SC Johnson turbines will help the facility provide 100 percent of its electrical energy onsite.

With the push of a button and after a short wait, the new wind turbines at the SC Johnson Waxdale plant began steadily turning and providing renewable energy Tuesday.

The addition of wind power to the plant’s existing energy production means that the facility is now able to produce an average of 100 percent of its electrical energy onsite, reducing the plant's carbon emissions by 6,000 metric tons annually, according to the company.

The wind turbines, with their 135-foot-long blades, will produce about eight million kilowatt hours (kWh) of electricity annually, enough to power 700 homes in a year.

Fisk Johnson, SC Johnson chairman and CEO, said the wind turbines were a personal passion of his and stand as a testament to the company’s longtime commitment to the environment.
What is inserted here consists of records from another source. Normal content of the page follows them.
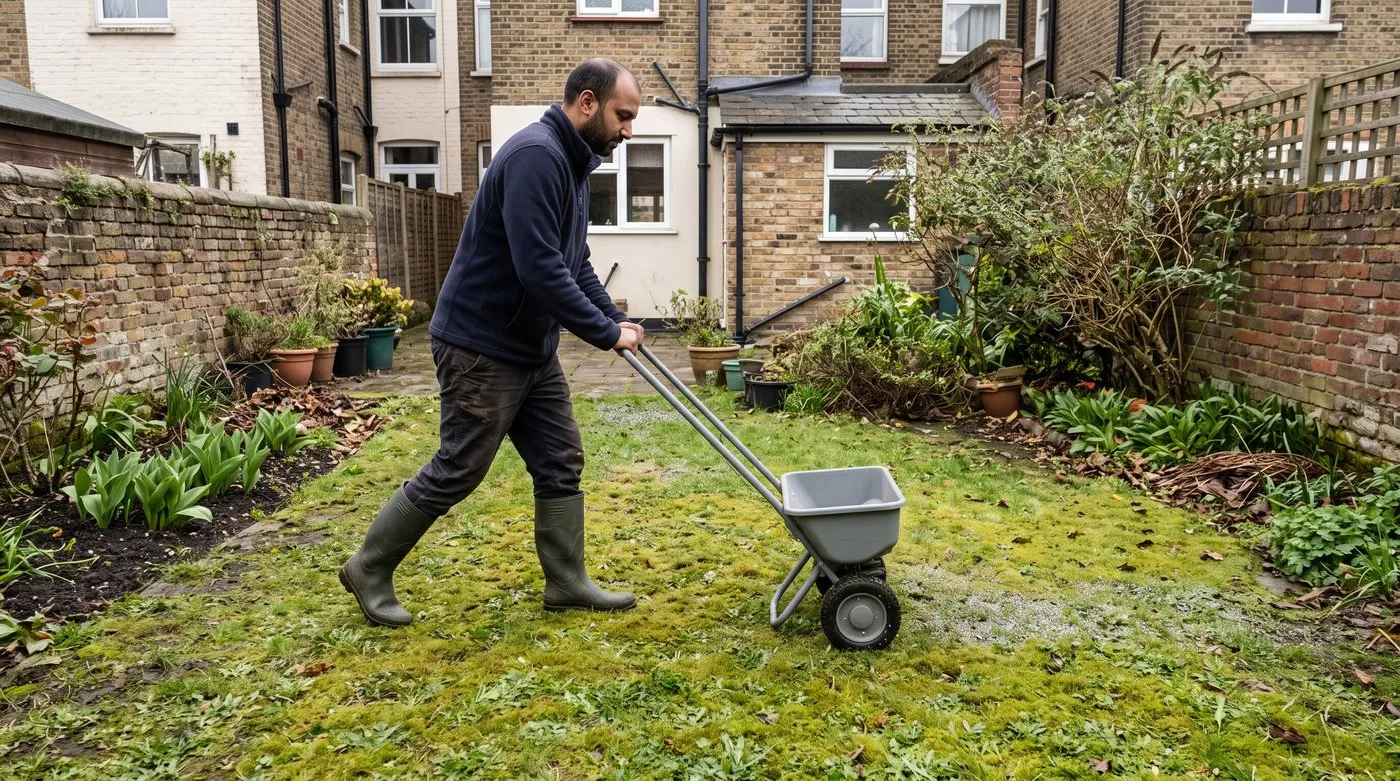 Man pushing a wheeled spreader across a mossy lawn on a dry, overcast spring day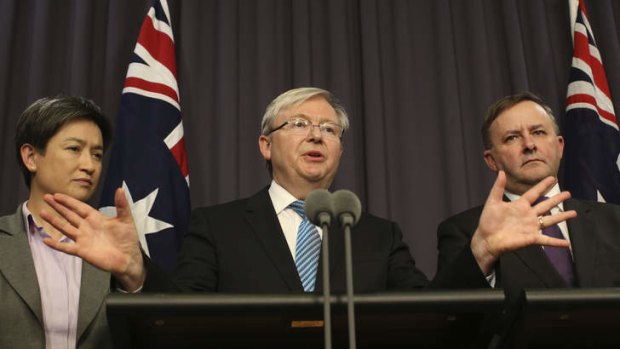 Prime Minister Kevin Rudd with Anthony Albanese and Penny Wong.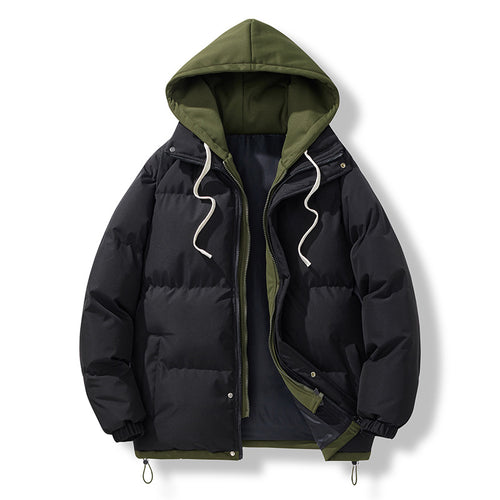 Insulated down jacket for men with removable hood and adjustable hem Amarae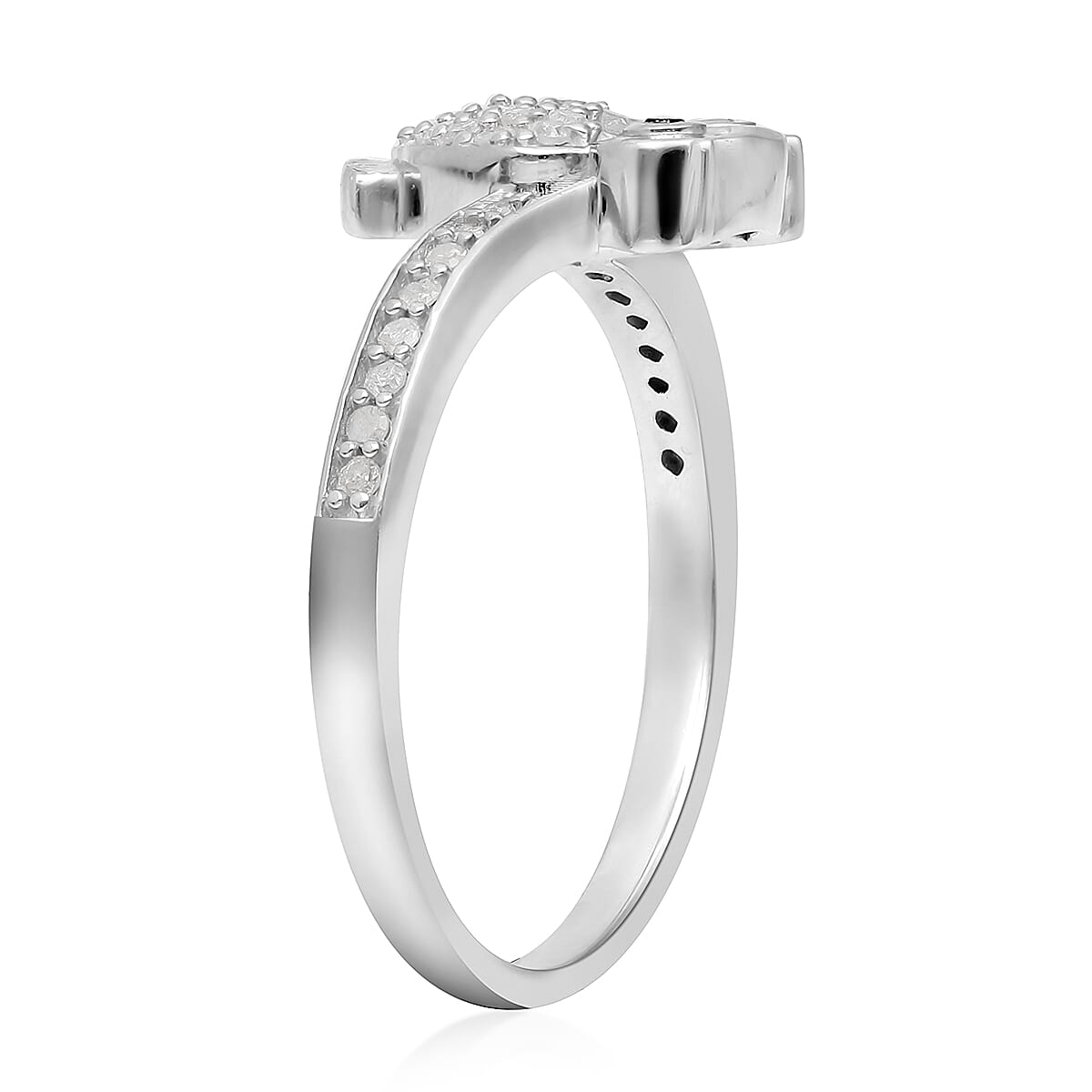 Black and White Diamond Owl Ring in Platinum Over Sterling Silver (Size 6.0) 0.25 ctw image number 3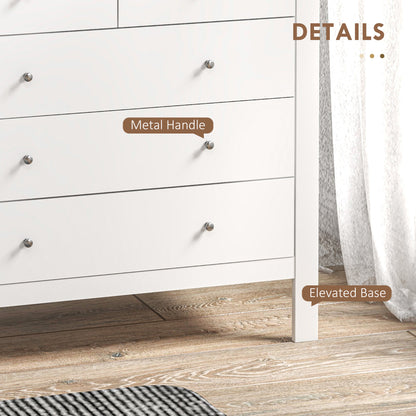 HOMCOM 5 Drawer Dresser for Bedroom, Modern Chest of Drawers, Wide Storage Unit for Living Room, Hallway, Closet, White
“Every time somebody comes into our entrance of this facility, they can’t help but get a giant visual reminder of a commitment that we have made as a company to environmental progress,” he said.

Johnson dedicated the turbines in honor of his mother and father.

“These wind turbines are just one part of my family’s and the company’s decades long and strong commitment to improving the environment,” Johnson said, noting that his father was inducted into Fortune Magazine’s Hall of Fame for his environmental leadership and his mother is a naturalist.

The turbines are the largest onsite, company-owned wind turbine manufacturing project in the Midwest.

With energy from the new wind turbines in addition to energy from the two cogeneration turbines, which uses methane gas from the nearby landfill and clean-burning natural gas, the facility is now able to produce an average of 100 percent of its electrical energy onsite.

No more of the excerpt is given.